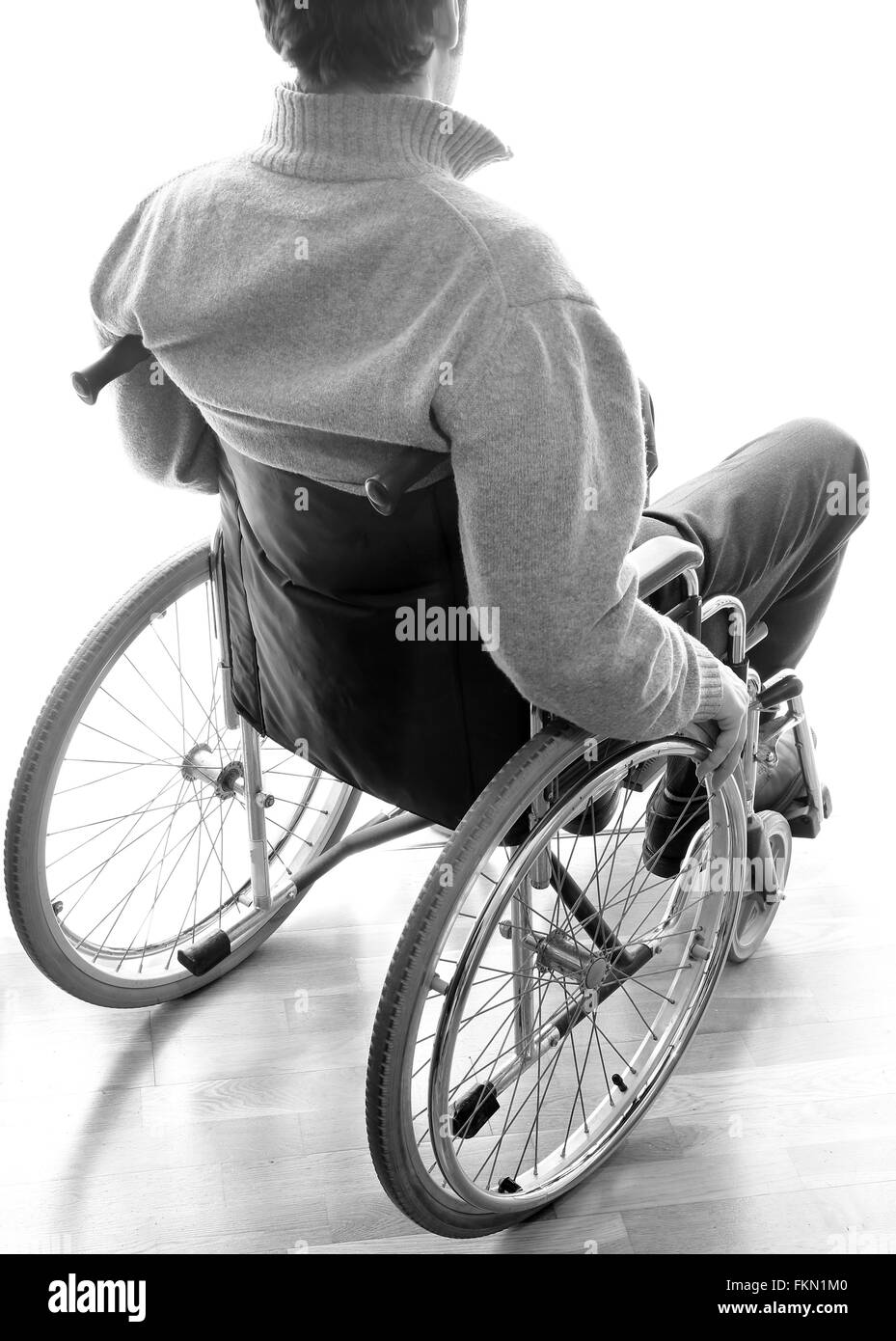 Behinderte, ältere Menschen sitzen in einem Rollstuhl in den Raum vor dem Fenster Stockfoto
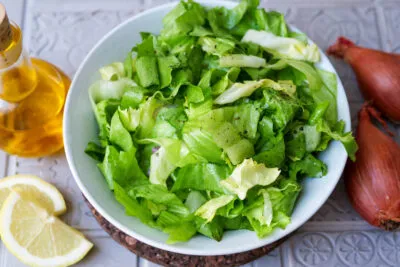 Frischer Endiviensalat mit Honig-Senf-Dressing und Zutaten für die Vinaigrette, appetitlich angerichtet für ein klassisches Endiviensalat Rezept.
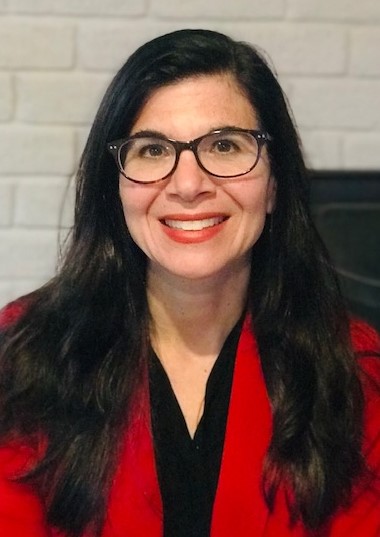 Female wearing glasses and red blazer poses in front of a white wall 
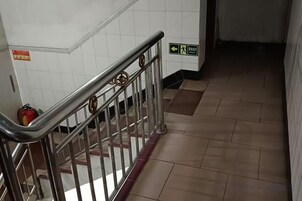 Un pasillo con barandilla de metal, paredes con azulejos y un extintor en la izquierda.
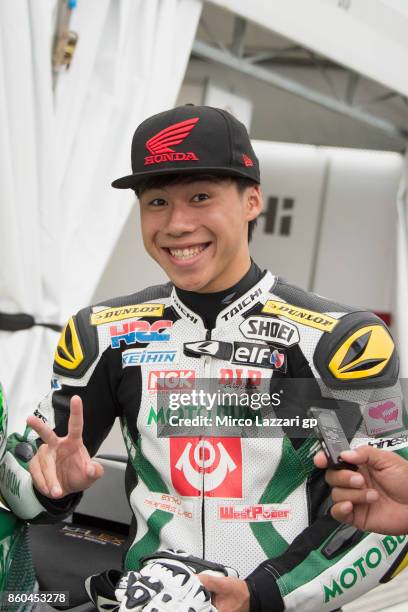 Ikuhiro Enokido of Japan and Teluro Motobum Racing Team smiles in the paddock before the press conference ahead of the MotoGP of Japan at Twin Ring...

══════════

Using the records above, reproduce exactly the lines from the line containing "Un pasillo con" through the last line, with both ends kept and no pictures.

▸ EXERCISE RESPONSE:
 Un pasillo con barandilla de metal, paredes con azulejos y un extintor en la izquierda.
 Ikuhiro Enokido of Japan and Teluro Motobum Racing Team smiles in the paddock before the press conference ahead of the MotoGP of Japan at Twin Ring...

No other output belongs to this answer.